Whether harassment is sufficiently severe to constitute discrimination must be determined based on the totality of the circumstances, including examination of the "nature, frequency, intensity, context, duration, and object or target" of the conduct. Klink v. Ramsey County by Zacharias, 397 N.W.2d 894, 901 (Minn. App. 1986) (addressing sexual harassment), review denied (Minn. Feb. 13, 1987). We agree with the ALJ that these two isolated instances, although reprehensible, did not arise to actionable discrimination as a matter of law.

The ALJ further concluded that, even if the slurs constituted actionable race discrimination, liability is not fixed against an employer unless the employer knew of the slurs and failed to take remedial action. See Minneapolis Police Dep't, 425 N.W.2d at 239 (finding no prima facie case where, after complainant reported racial remarks, department undertook immediate investigation, warned employee about allegedly objectionable behavior, disciplined her, and separated complainant and offender); Continental Can, 297 N.W.2d at 249 (act does not require "pristine" working environment, but imposes duty on employer to take prompt and appropriate action when it knows or should have known of conduct constituting sexual harassment by co-employees).

Fears's supervisors issued prompt oral reprimands to the offending employees, including orders not to repeat the racist remarks and warnings that a recurrence could subject them to severe disciplinary measures, even termination. Although the first written reprimand against Lubitz was not issued until two and one-half weeks had passed, the ALJ determined the delay occurred because the supervisors were uncertain how to handle the situation and one supervisor was out of the country. We note that in the incident with Wilson, the written reprimand was issued two days after the incident occurred. Contrary to Fears's argument, the law does not require that the offender be terminated but instead requires the employer to take prompt actions reasonably calculated to end the harassment. Davis v. Tri-State Mack Distribs., Inc., 981 F.2d 340, 343-44 (8th Cir. 1992); see Fore v. Health Dimensions, Inc., 509 N.W.2d 557, 561 (Minn. App. 1993) (holding that forced resignation is among strongest disciplinary actions employer could take). Based on the law and the evidence here, the ALJ's conclusion that Seagate took prompt remedial measures was not arbitrary, capricious, or an error of law, and was based on substantial evidence.

  B. Failure to Promote Claim

Fears next claims that Seagate discriminated against her based on her race by failing to promote her to various positions for which she applied. To raise a prima facie case of discrimination in failure to promote cases, a plaintiff must show:

(1) she is a member of a protected group; (2) she was qualified and applied for a promotion to an available position; (3) she was rejected; and (4) similarly situated employees, not part of the protected group, were promoted instead.

 Shannon v. Ford Motor Co., 72 F.3d 678, 682 (8th Cir. 1996).

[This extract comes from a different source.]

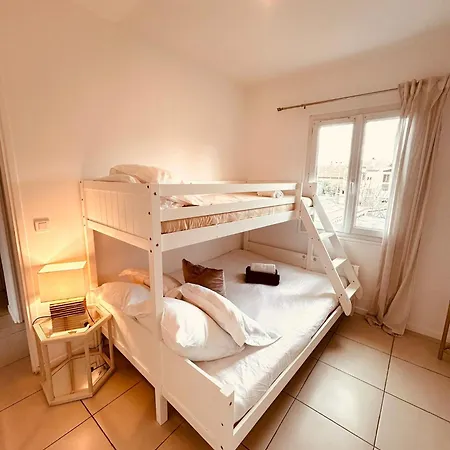 Grand appartement 3 chambres, 7 à 9 personnes, a 300M de la plage Apartamento Sainte-Maxime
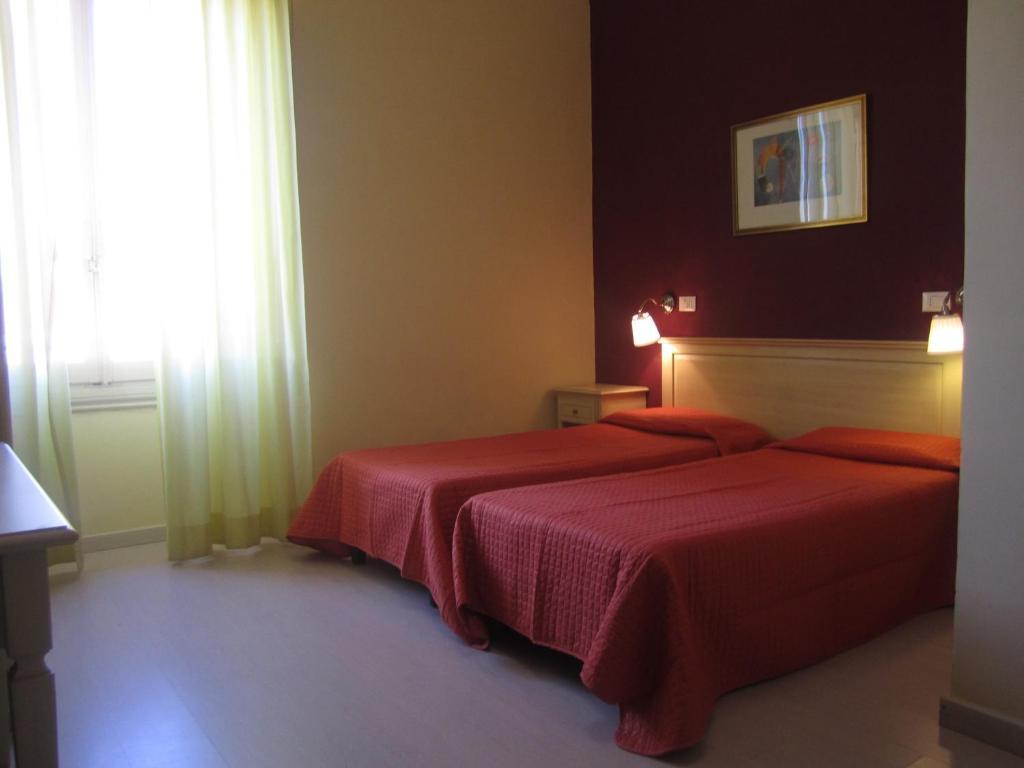 Hotel Genzianella Firenze Ruang foto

The ALJ found that Fears failed to establish a prima facie case. According to Seagate's selection criteria, she was not qualified for the promotion because of her performance rating or because substantially more qualified employees were promoted instead. Fears claims that the ALJ failed to consider the fact that supervisor Hemmesch rated her performance and contends that his discrimination, harassment, and reprisals made it impossible for her to receive a promotion. The ALJ concluded, however, that Hemmesch had a documentable basis for his disciplinary actions. Given these factors in the record, our review shows that the ALJ's conclusion that Fears failed to establish a prima facie case was based on substantial evidence and was not arbitrary or capricious.

  C. Differential Treatment Based on Race

Fears also claimed that she was subject to harsher discipline by Hemmesch because of her race. To support that claim, Fears cites the fact that she received a written reprimand based on the traveler error on the same day she had complained of discrimination to the human resources department. To establish by circumstantial evidence a prima facie case of racial discrimination in the terms and conditions of employment, a plaintiff must establish that (1) she is a member of a protected class, (2) she was disciplined, and (3) the "discipline imposed was harsher than that imposed on comparably situated whites." Wilmington v. J.I. Case Co., 793 F.2d 909, 915 (8th Cir. 1986) (evaluating claims of discrimination based on disparities in job assignments and discipline).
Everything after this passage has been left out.